(Records to use Opens)

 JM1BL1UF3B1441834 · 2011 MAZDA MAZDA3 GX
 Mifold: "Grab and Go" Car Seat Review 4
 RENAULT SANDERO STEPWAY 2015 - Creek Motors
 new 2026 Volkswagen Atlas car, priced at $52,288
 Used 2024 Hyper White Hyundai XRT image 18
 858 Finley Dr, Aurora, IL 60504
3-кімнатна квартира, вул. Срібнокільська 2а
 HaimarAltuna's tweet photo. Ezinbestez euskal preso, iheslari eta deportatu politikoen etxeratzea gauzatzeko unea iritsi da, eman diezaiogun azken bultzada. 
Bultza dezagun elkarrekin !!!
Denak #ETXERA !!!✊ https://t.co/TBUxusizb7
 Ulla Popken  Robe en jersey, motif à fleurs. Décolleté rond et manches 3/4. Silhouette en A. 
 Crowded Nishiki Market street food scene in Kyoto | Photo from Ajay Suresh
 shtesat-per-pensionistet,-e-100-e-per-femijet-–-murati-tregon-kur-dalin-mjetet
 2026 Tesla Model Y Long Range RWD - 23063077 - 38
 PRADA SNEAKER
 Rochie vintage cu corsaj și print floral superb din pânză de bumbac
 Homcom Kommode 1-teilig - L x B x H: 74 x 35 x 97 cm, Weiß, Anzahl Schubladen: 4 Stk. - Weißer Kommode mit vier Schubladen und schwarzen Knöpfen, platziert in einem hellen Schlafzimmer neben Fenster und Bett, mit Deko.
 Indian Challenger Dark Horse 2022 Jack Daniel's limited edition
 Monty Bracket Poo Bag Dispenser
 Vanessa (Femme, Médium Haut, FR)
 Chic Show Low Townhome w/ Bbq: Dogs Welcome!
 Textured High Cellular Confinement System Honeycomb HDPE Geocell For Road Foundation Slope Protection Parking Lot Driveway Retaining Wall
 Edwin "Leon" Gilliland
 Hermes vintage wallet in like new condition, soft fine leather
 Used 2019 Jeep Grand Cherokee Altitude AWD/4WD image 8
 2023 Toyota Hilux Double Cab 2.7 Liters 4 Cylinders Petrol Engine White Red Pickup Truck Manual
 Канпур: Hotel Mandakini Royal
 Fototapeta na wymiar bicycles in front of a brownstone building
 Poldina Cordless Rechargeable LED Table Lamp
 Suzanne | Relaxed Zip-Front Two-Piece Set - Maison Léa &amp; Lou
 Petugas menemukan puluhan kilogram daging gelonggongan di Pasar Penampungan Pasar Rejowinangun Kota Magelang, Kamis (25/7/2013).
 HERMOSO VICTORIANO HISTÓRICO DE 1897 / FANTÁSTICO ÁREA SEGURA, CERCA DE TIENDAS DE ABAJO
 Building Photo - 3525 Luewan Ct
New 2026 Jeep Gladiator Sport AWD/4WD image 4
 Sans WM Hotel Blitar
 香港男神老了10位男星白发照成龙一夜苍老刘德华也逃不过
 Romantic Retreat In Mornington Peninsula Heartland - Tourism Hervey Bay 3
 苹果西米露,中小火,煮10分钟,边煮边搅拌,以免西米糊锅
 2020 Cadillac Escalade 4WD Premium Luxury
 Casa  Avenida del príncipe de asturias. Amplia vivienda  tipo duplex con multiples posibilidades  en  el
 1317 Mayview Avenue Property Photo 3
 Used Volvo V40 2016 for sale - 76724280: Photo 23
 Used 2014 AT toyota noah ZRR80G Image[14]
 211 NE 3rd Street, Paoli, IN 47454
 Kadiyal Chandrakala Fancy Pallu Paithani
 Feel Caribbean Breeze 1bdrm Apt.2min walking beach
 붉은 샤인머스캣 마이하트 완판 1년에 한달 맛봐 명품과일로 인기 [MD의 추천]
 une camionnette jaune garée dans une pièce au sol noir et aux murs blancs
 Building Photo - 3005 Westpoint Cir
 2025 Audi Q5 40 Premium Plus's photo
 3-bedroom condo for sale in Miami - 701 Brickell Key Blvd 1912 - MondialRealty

(Records to use Closes)

What is expected.
Could you write out, exactly as they stand, only the lines above that begin at the line with "new 2026 Volkswagen" and stop after the line with "3-кімнатна квартира, вул. Срібнокільська 2а"?

Task output.
 new 2026 Volkswagen Atlas car, priced at $52,288
 Used 2024 Hyper White Hyundai XRT image 18
 858 Finley Dr, Aurora, IL 60504
3-кімнатна квартира, вул. Срібнокільська 2а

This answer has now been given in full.